Adepta da alimentação natural e orgânica, Denize percebe que seu público consumidor, crescente, tem perfil semelhante, de pessoas mais conscientes e que buscam nos cosméticos uma ressonância para essa sua opção alimentar. “Tem crescido, sim, os capixabas estão cada vez mais conscientes”, observa a alquimista de Jacaraípe.
Além de um grande número de pessoas também mais sensíveis aos componentes tóxicos dos cosméticos convencionais e de pacientes oncológicos. “As pessoas me ligam, dizem que seus problemas de pele acabaram … Tenho tido feedbacks muito bons. É muito gratificante”, conta.
Síndrome dos produtos de prateleira
Ao mergulharmos no universo dos xampus, sabonetes, desodorantes, óleos e hidratantes naturais, difícil aceitar o por quê de tantas substâncias tóxicas usadas nas indústrias convencionais. O natural funciona: limpa, hidrata, perfuma e não faz mal à saúde de ninguém. A resposta, Denize resume em uma frase: “São produtos de prateleira”.
Ou seja, para serem transportados por milhares de quilômetros, muitas vezes para outros países, e permanecerem intactos até o destino final – as prateleiras – e assim continuarem por muitos e muitos meses mais, com a mesma consistência, cor e perfume, são adicionados diversos corantes, antibióticos, espessantes e lauril, esse, para produzir espuma durante o uso, criando a falsa impressão de mais limpeza. “O lauril não é removido do esgoto e é muito prejudicial. A espuma é apenas um produto visual, não tem fundamento nenhum de limpeza”, denuncia.
Brandini compartilha da visão de Denize sobre a síndrome da prateleira de supermercado: “Somos seduzidos por uma infinidade de produtos cosméticos dispostos nas prateleiras dos supermercados. Nos lavamos, nos perfumamos e nos lambuzamos diariamente com sabonetes e xampus (que nada mais são do que sabão perfumado), pasta de dentes e cremes hidratantes com abrasivos microscópicos, alvejantes químicos e essências cuja origem natural do produto é duvidosa, para não dizer caluniosa”, diz. “Eu não confiaria em nada que diga “manter fora do alcance das crianças”, ironiza o oceanógrafo.

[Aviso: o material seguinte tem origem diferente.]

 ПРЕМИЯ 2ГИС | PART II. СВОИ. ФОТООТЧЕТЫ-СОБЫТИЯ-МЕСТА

Na fábrica artesanal de Denize e em tantas outras que se multiplicam no Brasil e no exterior, uma nova ética e estética estão se erguendo e saciando a necessidade, crescente na sociedade, de que cada um pode fazer uma parte no processo de proteção ambiental, começando por proteger a própria saúde.
'Faça uma lista'
Em seu artigo, o oceanógrafo ainda convoca o leitor: “Sem querer preocupá-lo (a), eu sugiro que após ler esse artigo você perca um pouco do seu tempo e acesse o banco de dados do SkinDeep. Vá até o banheiro e selecione qualquer produto de higiene pessoal. Faça uma lista com o nome dos compostos químicos descritos na ‘composição’ do seu sabonete, xampu ou pasta de dente preferidos. Veja a capacidade que cada um tem de produzir algum mal à saúde e seu potencial de acúmulo no meio ambiente”, adverte.

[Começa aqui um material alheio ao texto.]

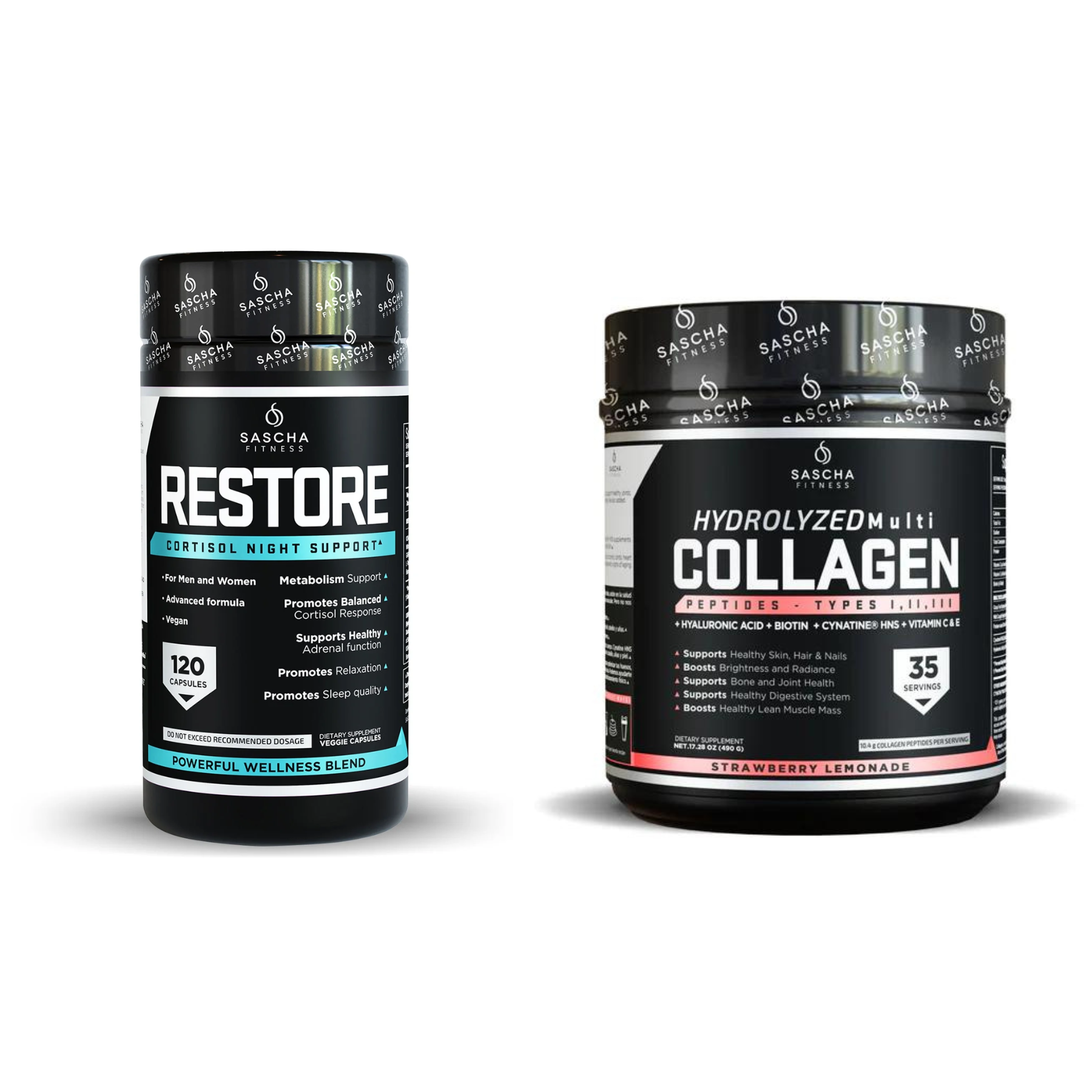 Restore + Collagen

“São todos produtos que eu, você e todos nós usamos indiscriminadamente todos os dias desde a Revolução Química Industrial, após a Segunda Guerra. São décadas de uso constante. Talvez os POPs não sejam as causas diretas de muitos problemas de saúde que nós e os animais marinhos sofremos, ou que ainda sofrerão. Mas com certeza são mais uma herança que deixaremos para o banco de contaminantes da biodiversidade marinha. Corremos o risco de nos tornar uma sociedade intoxicada por nosso próprio veneno em frascos fálicos e potes cheirosos, marcando diariamente nossos territórios com urina contaminada”, relata, lamentavelmente.